It was for The Spectator that Tamas wrote what Buruma calls “the best, most concise expression I know of a timeless Anglophilia.” It is worth quoting:
How to be a gentleman after 40 years of socialism? I recall the tweed-clad (Dunn & Co, 1926) and trembling elbow of Count Erno de Teleki (MA Cantab, 1927) in a pool of yoghurt in the Lacto-Bar, Jokai (Napoca) Street, Kolozsvar (Cluj), Transylvania, Rumania, 1973. His silver stubble, frayed and greasy tie, Albanian cigarette, implausible causerie. The smell of buttermilk and pickled green peppers. A drunk peasant being quietly sick on the floor. This was the first time I saw a tweed jacket.

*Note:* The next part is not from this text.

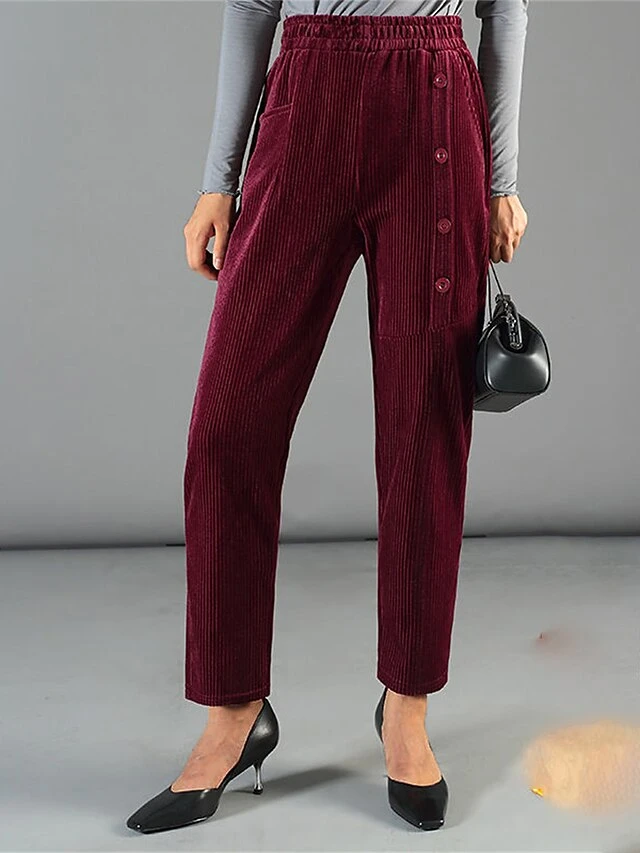 Women's Fleece Pants Pants Trousers Harem Pants Wine Black Coffee Fashion Streetwear Daily Daily Wear Vacation Pocket Full Length Breathability Plain XL 2XL 3XL 4XL 5XL 5 Women's Fleece Pants Pants Trousers Harem Pants Wine Black Coffee Fashion Streetwear Daily Daily Wear Vacation Pocket Full Length Breathability Plain XL 2XL 3XL 4XL 5XL - Image 5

Ian Buruma, fortunately, has a view of England which goes much deeper and wider than tweed jackets. He was brought up in Holland, child of a Dutch father and a British mother whose family were themselves German Jews who had immigrated in the late nineteenth century. His book, a learned and wonderfully well written set of historical profiles and personal reflections, approaches the enigma of Englishness by sampling the varieties of enthusiasm—and sometimes of disillusion and revulsion—which foreigners have felt for this country. And Ian Buruma has felt most of these moods too. As a child, visiting his grandparents in their comfortable house in the English countryside, he was converted to “the absolute superiority of life in England.” But now, after many years spent living and bringing up his own family in London, he is less sure. The complacency that once seemed both elegant and justified now grates on him; the rituals of Englishness have grown empty. At the end of a chapter about “Schooldays,” he describes himself picking up his daughter, neat in her little uniform, from a North London private school which was founded only a few years ago in order to offer “traditional English education.” He attends the same venerable school play, and then rises to sing the same venerable hymns. But “I felt more like an outsider in a society that manages, generation after generation, to mimic itself.” This is a book that darkens as it goes on.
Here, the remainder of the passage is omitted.